Tungsten: A Geopolitical Scarcity Trade
The tungsten price surge confirms that supply risk extends far beyond just battery metals. Tungsten's primary use in high-performance industrial and military applications makes it a non-negotiable defense input. The combination of Chinese quota cuts and strategic stockpiling by allies has fundamentally reset the price floor, locking in higher costs for sectors from aerospace to heavy machinery and emphasizing the need for diversification.
North American Copper is De-Risked by Policy
The fast-tracking and federal support for projects like McIlvenna Bay demonstrate that governments are willing to use policy and capital to directly address the looming global copper deficit. This dramatically lowers the project-execution risk for Canadian copper/zinc miners and supports the North American push to secure supply chains for the energy transition's most essential wiring material.
Watchlist Companies
Company / Entity | Context | Homepage / Link |
Foran Mining Corp. (FOM) | Developing the fast-tracked, carbon-neutral McIlvenna Bay copper-zinc mine in Saskatchewan. | |
MP Materials (MP) | U.S. rare earth miner; a direct long-term beneficiary of China’s new magnet and REE technology controls. | |
American Tungsten (TUNG) | Pure-play tungsten stock gaining investor attention as U.S. attempts to build domestic supply to counter China. | N/A (Canadian/OTC Exchange) |
Elemental Altus (ELE.V) | Tungsten and rare earth royalty company that recently secured major institutional financing for growth. | |
Lithium Americas (LAC) | Lithium producer; recycling mandates increase the long-term value of its material for circular supply chains. | |
Saskatchewan Research Council | Developing Canada's first large-scale REE processing facility, benefiting from increased demand for non-Chinese REEs. |
Critical Minerals Spotlight
Rare Earths / Magnets — New Chokepoint: China now controls not just the raw material, but the global manufacturing technology for magnets, directly impacting EV and defense systems.
Tungsten — Strategic Scarcity: A sharp price surge driven by Chinese quota cuts and defense sector demand confirms this niche metal as a critical (and highly volatile) geopolitical asset.
Copper / Zinc — Supply Assurance: New projects coming online in geopolitically stable allied nations, like Canada, represent a crucial step toward mitigating the global supply deficit.
Action Points
Magnet Supply Re-Audit: Manufacturing and defense firms must immediately assess their magnet suppliers for exposure to China's new technology controls.
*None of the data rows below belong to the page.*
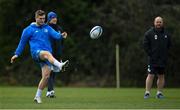 5 April 2021; Jordan Larmour during Leinster Rugby squad training at UCD in Dublin. Photo by Ramsey Cardy/Sportsfile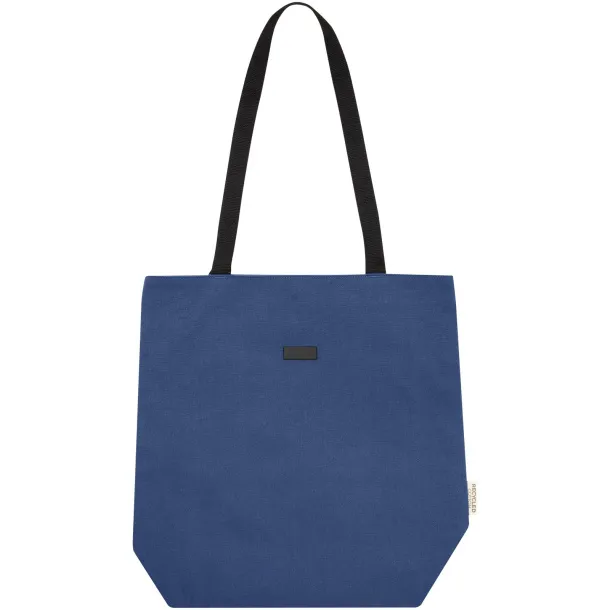 Joey GRS recycled canvas versatile tote bag 14L Navy Blue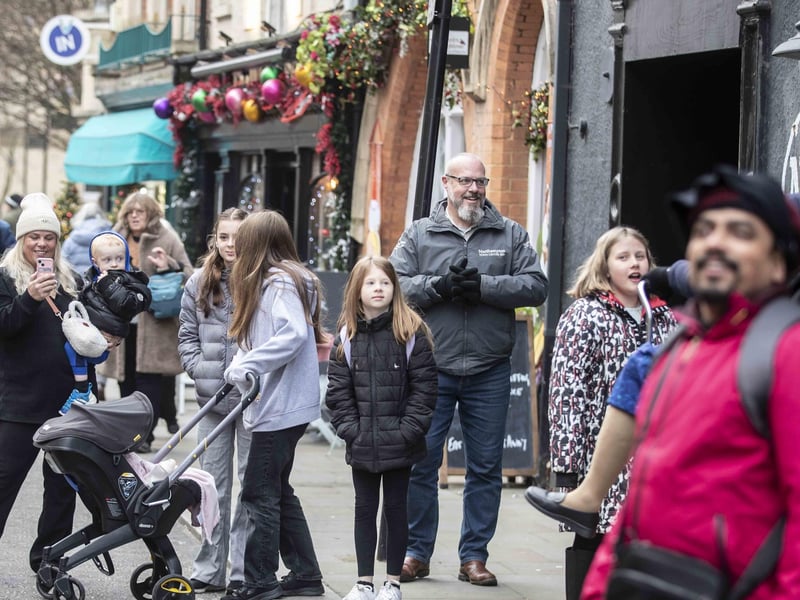 St Giles’ Street was closed to traffic to allow shoppers to walk freely down the road, which created a welcoming, community feel.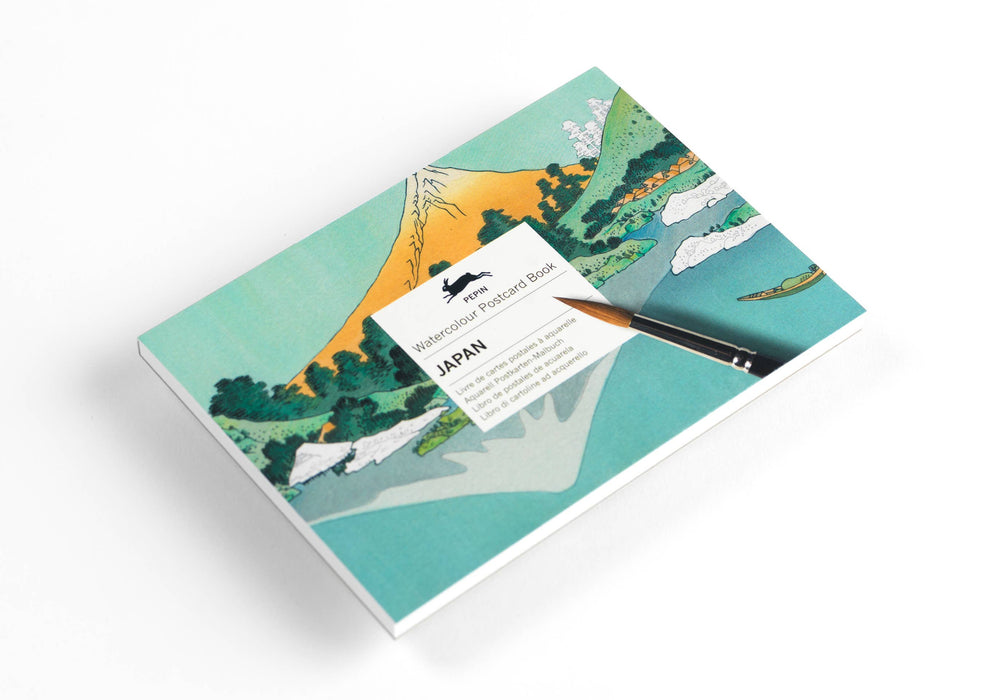 Japan Watercolour Postcard Book - Papier Plume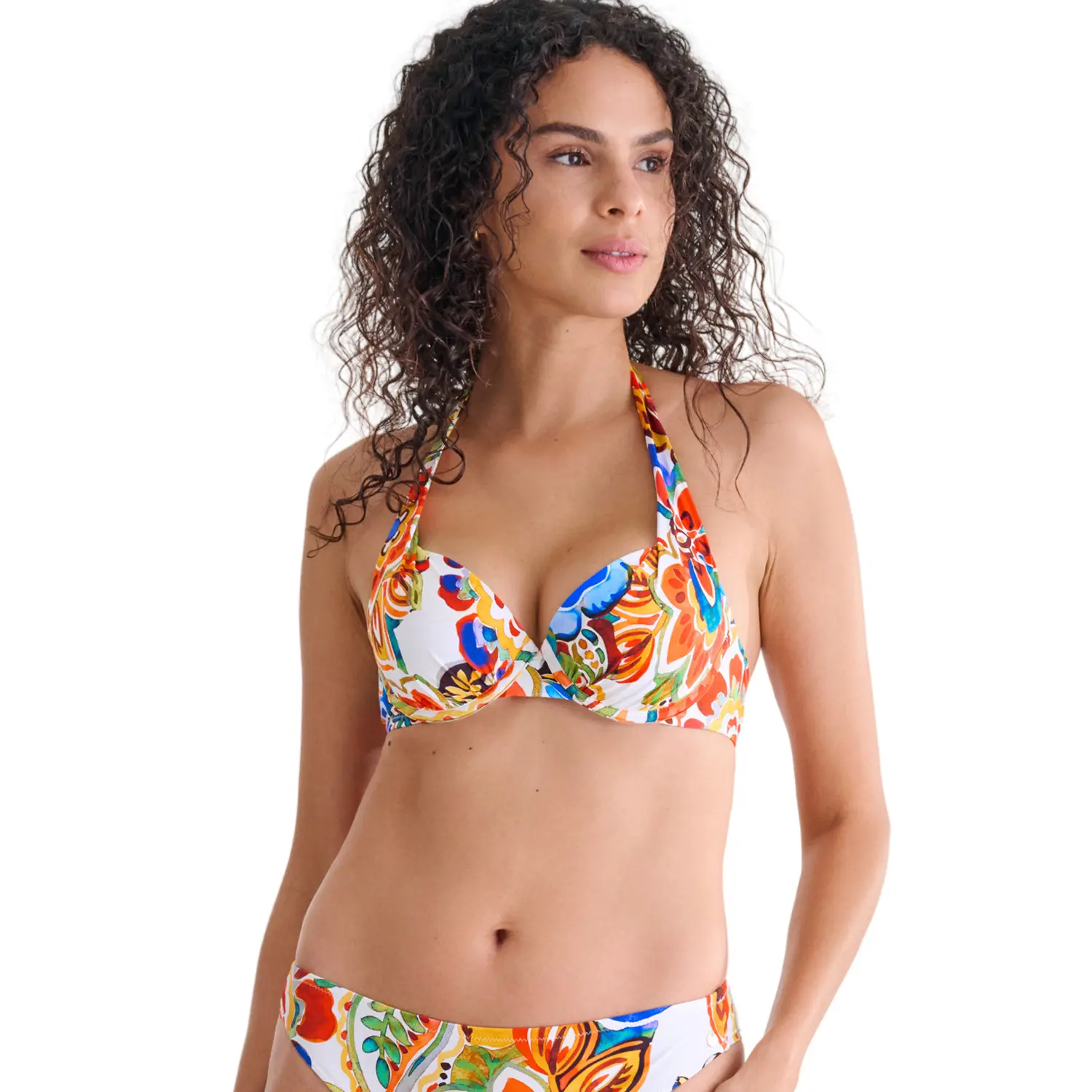 Bikini-Oberteil für Damen mit offenem Rücken Lisca Mexico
Accelerate qualification of non-Chinese magnet supply chains.
Hedge Tungsten Exposure: Industrial consumers of hard materials (mining, aerospace, construction) should review their hedging strategies for tungsten products, as supply-side pressure is expected to sustain elevated prices through 2026.
Track Canadian Infrastructure: Monitor infrastructure financing and permitting schedules for fast-tracked Canadian resource projects, as these represent the most de-risked new capacity in stable Western jurisdictions.
This briefing is for informational purposes only and is not legal, investment, or policy advice. Information is believed accurate at time of publication. Sources are publicly available.